But Jackson moved the deaths of Saruman and Wormtongue to the fall of Isengard. Wormtongue still kills Saruman, but he is dispatched by an arrow from Legolas. [see YouTube clip here] Thus when Frodo and company return to the Shire, they find it unchanged. Thus in Jackson’s telling, Frodo’s vision was just one possible future foreclosed by the death of Saruman at Isengard.

Still, I think it a shame that “The Scouring of the Shire” was not filmed, for it is a potent political allegory that remains relevant today. Most commentators simply note that the Scouring is based on Tolkien’s personal experience of returning from the trenches of World War I to find England a changed place. But the Scouring goes far beyond anything in Tolkien’s experiences. It is a work of imagination, a political allegory that far more closely resembles the experiences of German soldiers returning from the Great War to find a radically new, alien-dominated regime.

The Shire was subjugated as follows. After the fall of Isengard, Saruman was reduced to a wandering “beggar in the wilderness,” a refugee. But when he enjoyed power, the wandering wizard developed a far-flung network reaching all the way to the Shire, where he cultivated the friendship of Lotho Pimple.

The Shire was an agrarian, autarkic society of independent small farmers and merchants. Pimple, however, was sufficiently alienated and ambitious that he wished to change this social order. He wanted more land than he could work himself, and he wanted hirelings to work it, so he could grow rich by growing cash crops for export. In short, he wanted to be a big shot with a plantation.

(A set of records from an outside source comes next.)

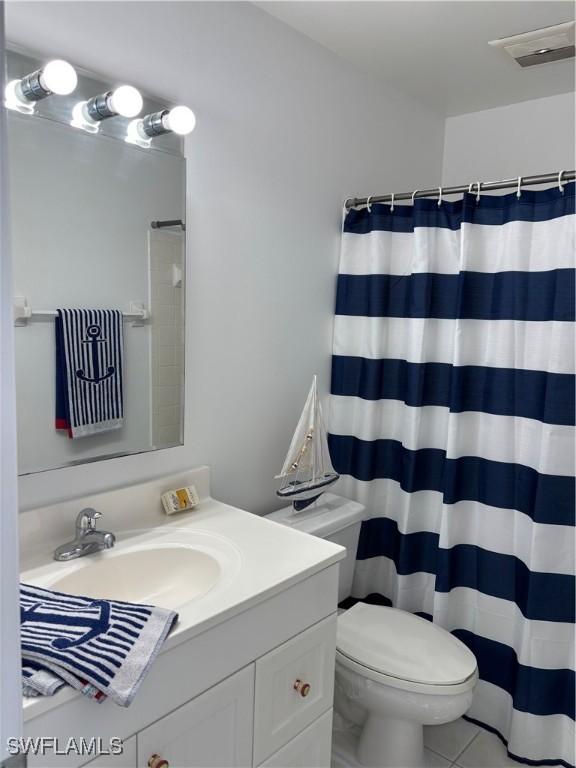 677 12th Ave S Unit 677, Naples, FL 34102 - bathroom featuring toilet, visible vents, tile patterned flooring, a shower with shower curtain, and vanity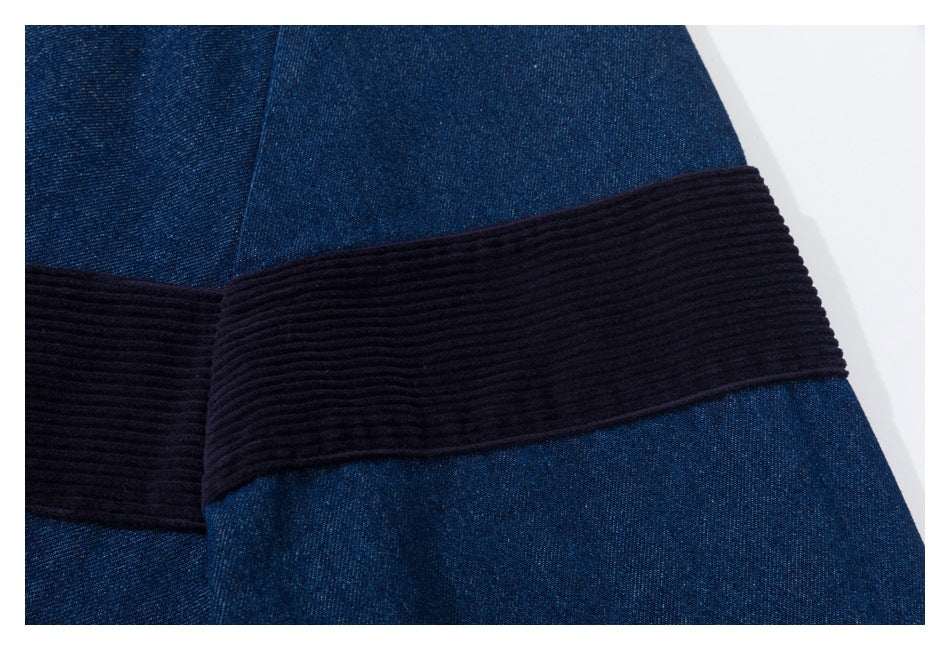 Close-up of a wide dark ribbed panel across dark indigo denim.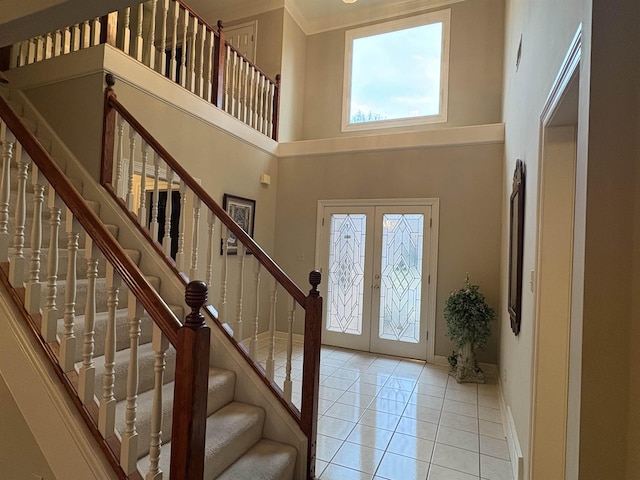 tiled foyer with french doors and a towering ceiling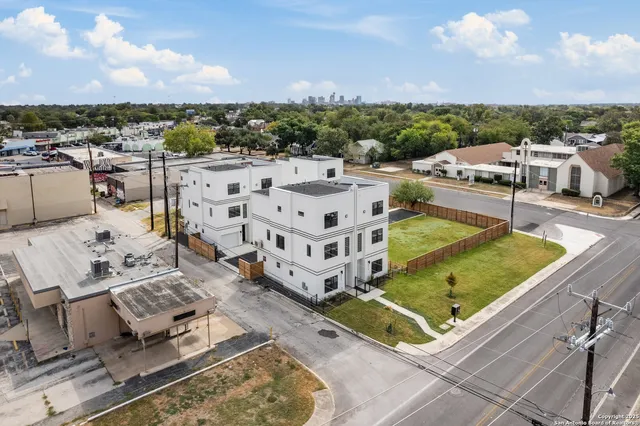 a view of a terrace with lawn chairs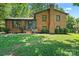 Charming brick home featuring a well-manicured lawn and classic architectural details at 1510 Sansberry Rd, Charlotte, NC 28262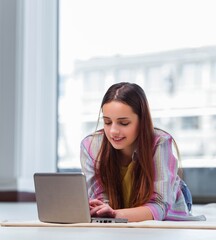 Young girl surfing internet on laptop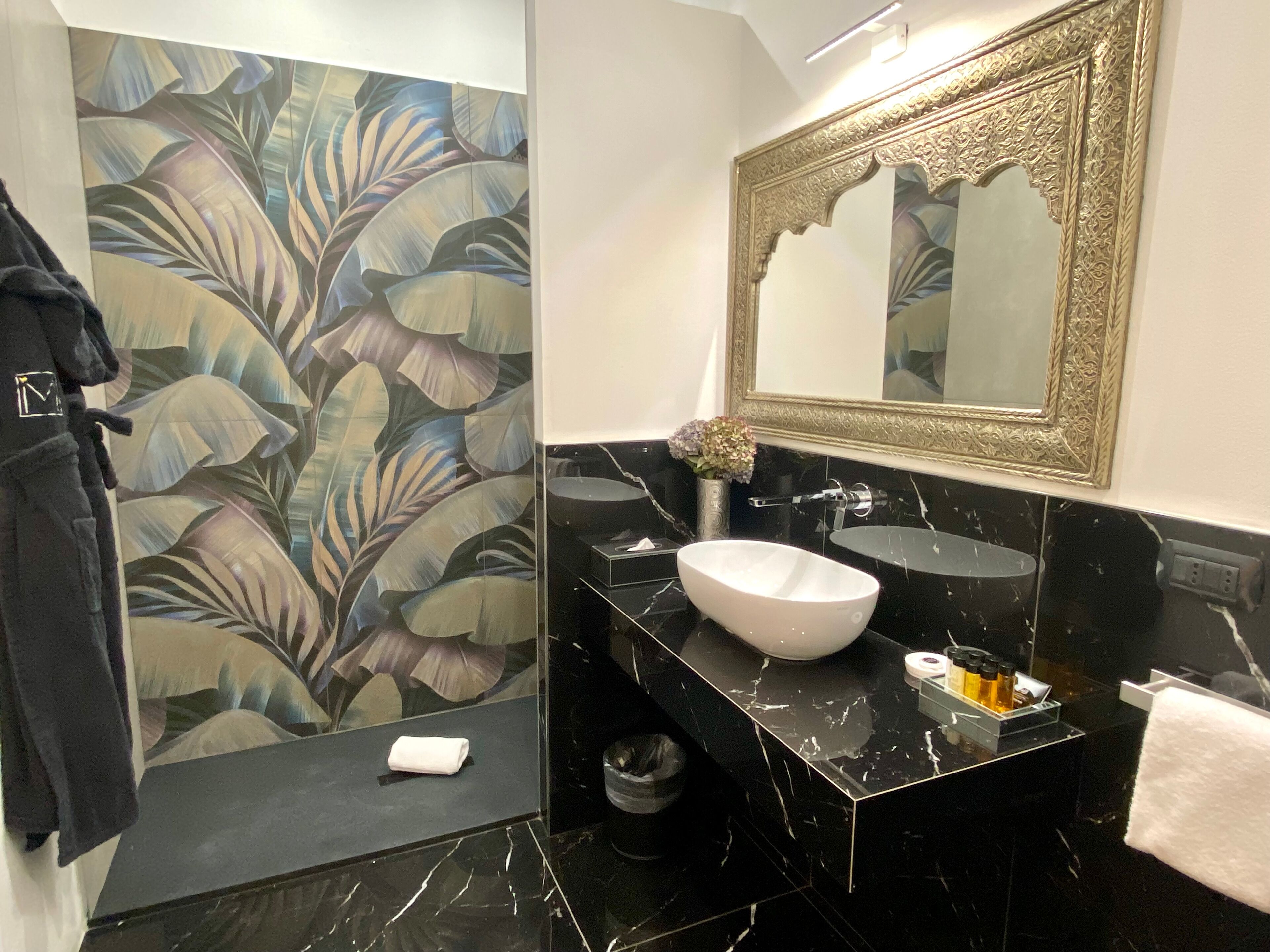 Ein Badezimmer mit einem schwarzen Marmorwaschbecken, einem großen Spiegel mit aufwendigem Rahmen und einem floralen Wanddesign.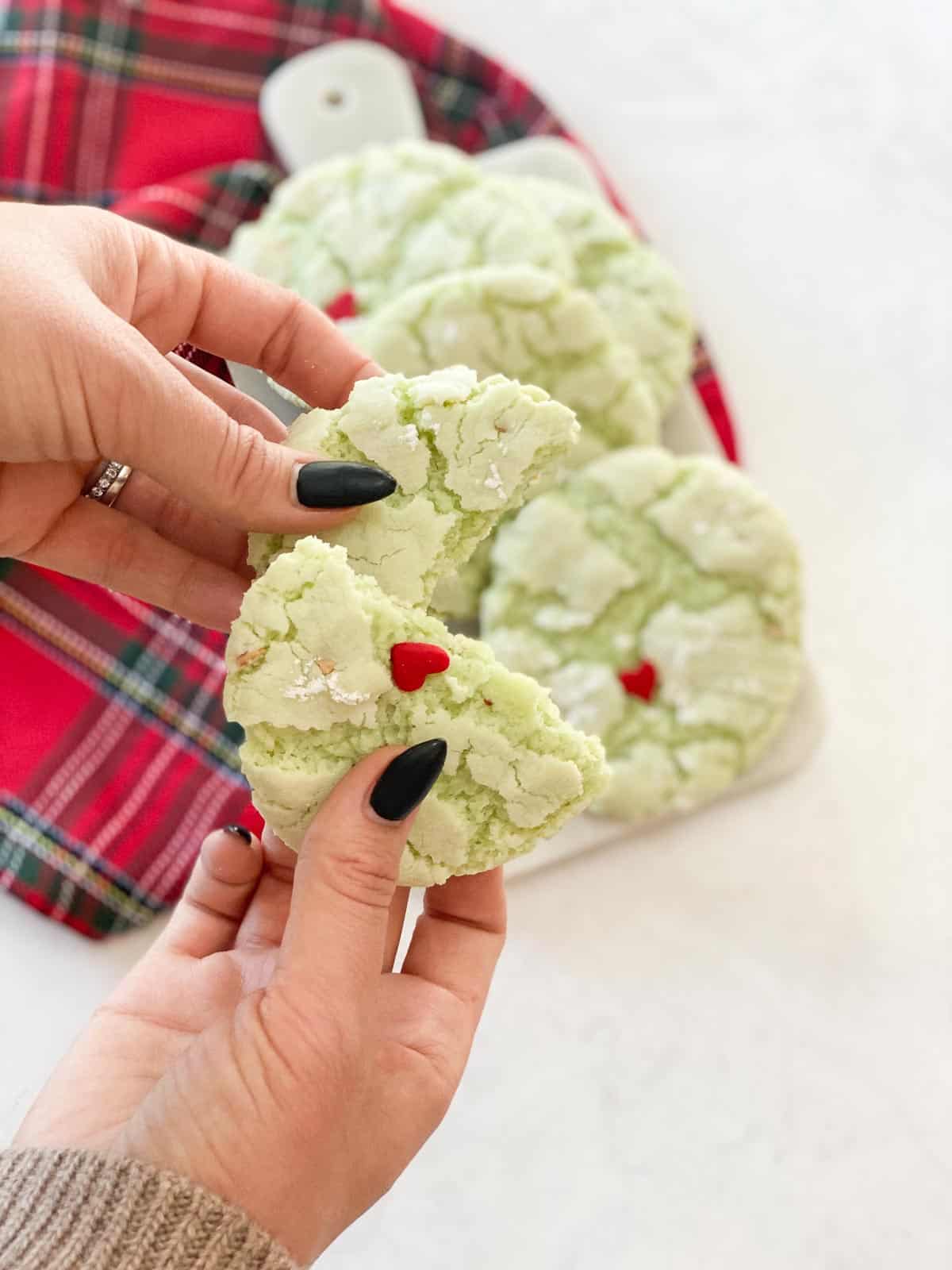Grinch cookies in a hand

By means of mysterious infusions of capital from outside the Shire (obviously from Saruman) Pimple managed to target economically troubled small holders for takeover (perhaps by loaning them money at usurious rates and then foreclosing when they could not pay), reducing them to employees on what was once their own land. Thus Pimple became a big man, styling himself Chief Shirrif and then just Chief. When Saruman and Wormtongue arrived as refugees, naturally Pimple took them in.

Having elevated the rootless and greedy Pimple to power, Saruman cozied up with the Chief and began to institute a new order. He brought in racially indeterminate aliens to intimidate and terrorize the hobbits. He also recruited hobbits of defective character — people who wanted to act big and meddle in other people’s business (in the internet age, we call them trolls) — to vastly expand the police force. This was necessary, because Saruman also vastly expanded rules and regulations in order to yoke and mulct the hobbits. Naturally there was discontent, so a vast network of spies and informants was created, as well as a courier service to swiftly convey reports and orders. Dissidents were thus easily ferreted out and imprisoned.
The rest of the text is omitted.